Hitting a few keys again, Penelope opened a newspaper article. “Apparently, he had learned to cover his tracks so that he wouldn’t be sent back to the medical facility again,” she explained. “The article says that the Wingsleys were killed in a fire only one week after their son Norman turned eighteen.”
“He was able to live a life on his own,” Rossi said. “He didn’t need his foster parents anymore, so he got rid of them.”
“Well, there were no obvious signs of arson, but that kind of screams murder to me,” Penelope remarked.
“Where’s the connection with Hidden Hills?” Hotch wanted to know.
“Norman Wingsley was born as Norman Daniels,” Penelope told them.
For a moment, it was dead silent in the room. Everyone stared at Penelope with wide eyes.
“You mean,” Emily started, “Daniels, as in… Sheriff Daniels?”
“Norman Daniels is Peter Daniels’ older brother,” Penelope affirmed. “And it turns out that after Norman was sent to the medical facility, his parents bought a farm about a mile outside of Hidden Hills and moved here from Illinois.”
“As far away from their past and their second son as possible,” Rossi mumbled.
“Do Daniels’ parents still live here?” Derek wanted to know.
Penelope shook her head. “They died four years ago. The farm is still in the possession of Sheriff Daniels, but he hasn’t been there in quite a while. At least, that’s what he said when I asked him about it.
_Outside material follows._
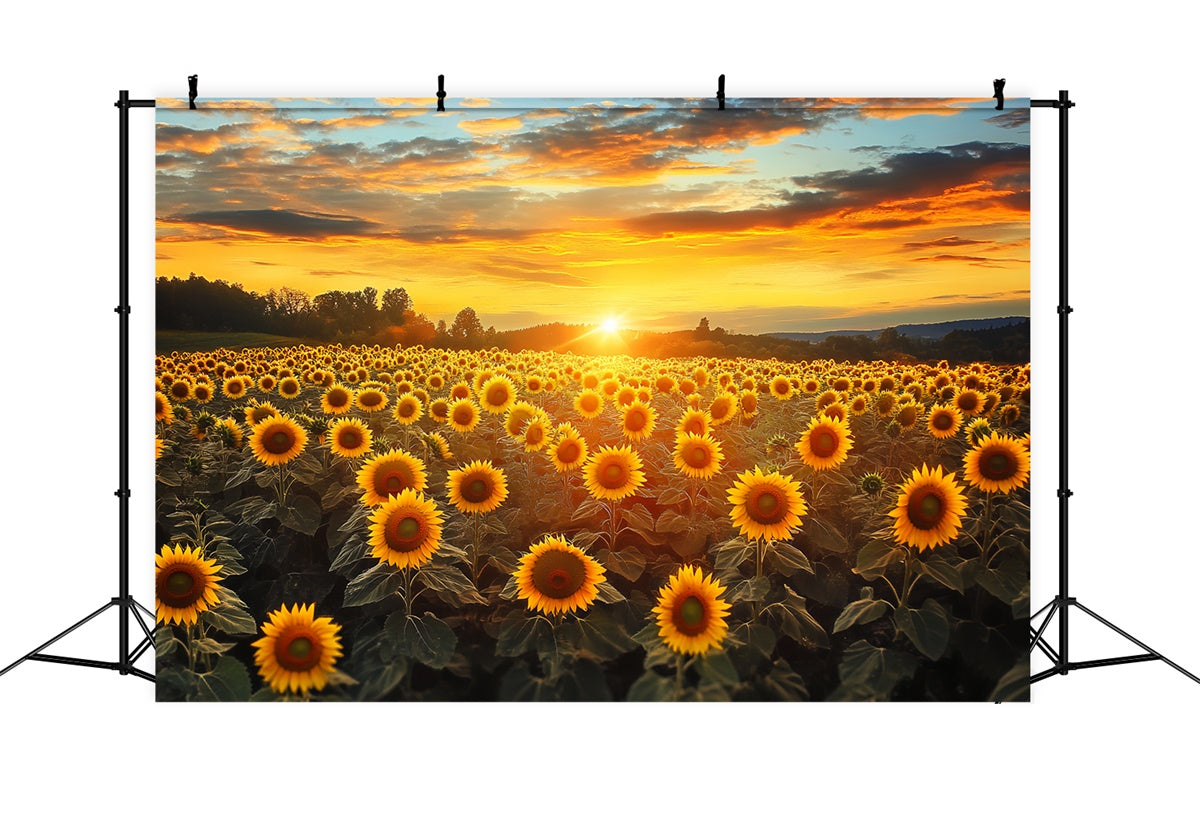 Sunset Photo Backdrop Fire Sky Sunflower Fall Backdrop BRP57-172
It’s possible that his brother used the farm without Sheriff Daniels’ knowledge.”
“It’s also possible that they’ve been working together,” Derek said with a grumble.
“Unlikely,” Hotch said. “Daniels called us in, remember?”
“But he had contact with his brother,” Penelope told them. “At least, that’s what his phone records say. Norman Daniels called his brother about six months ago. There has been no contact between them before that. Norman Daniels has moved to twenty-two different cities within the last ten years.”
“Maybe it took him that long to figure out where his family had moved after they sent him away,” Hotch guessed.
“Where is the farm?” Rossi wanted to know.
“You have the address on your PDAs,” Penelope replied. “I can’t guarantee that Daniels or any of the victims are there, but it’s the best guess I could make. It certainly isn’t possible to hold the victims in the middle of a city like L.A.”
“At least not considering what he’s doing to them,” Derek agreed.
“And that he’s dumping the bodies here,” Rossi added. “If he killed them in L.A., he would surely dump them there. It’s too risky to drive a dead body all through the city.”
“We’re heading to the farm now,” Hotch ordered, jumping up from his seat.
“There’s one problem,” Penelope said quietly, before her co-workers could rush out of the room.
Everyone turned their attention back to her.
She took a deep breath, before she explained, “If he sticks to his schedule, his next victim only has twenty minutes before he’ll start torturing her.”
“That means we have no time to spare,” Hotch mumbled, rushing out of the room.
Nodding, the others jumped up as well, all of them heading for the SUVs.
Turning in the door, Derek flashed her a smile. “I told you you’d find him,” he whispered. “I’m proud of you, Baby Girl. You’ve earned yourself a month’s salary in tiramisu.”
She smiled ever so slightly as she watched him run after the others. Then she drew in a deep breath. All she could do was hope that they would be there in time to save the other women.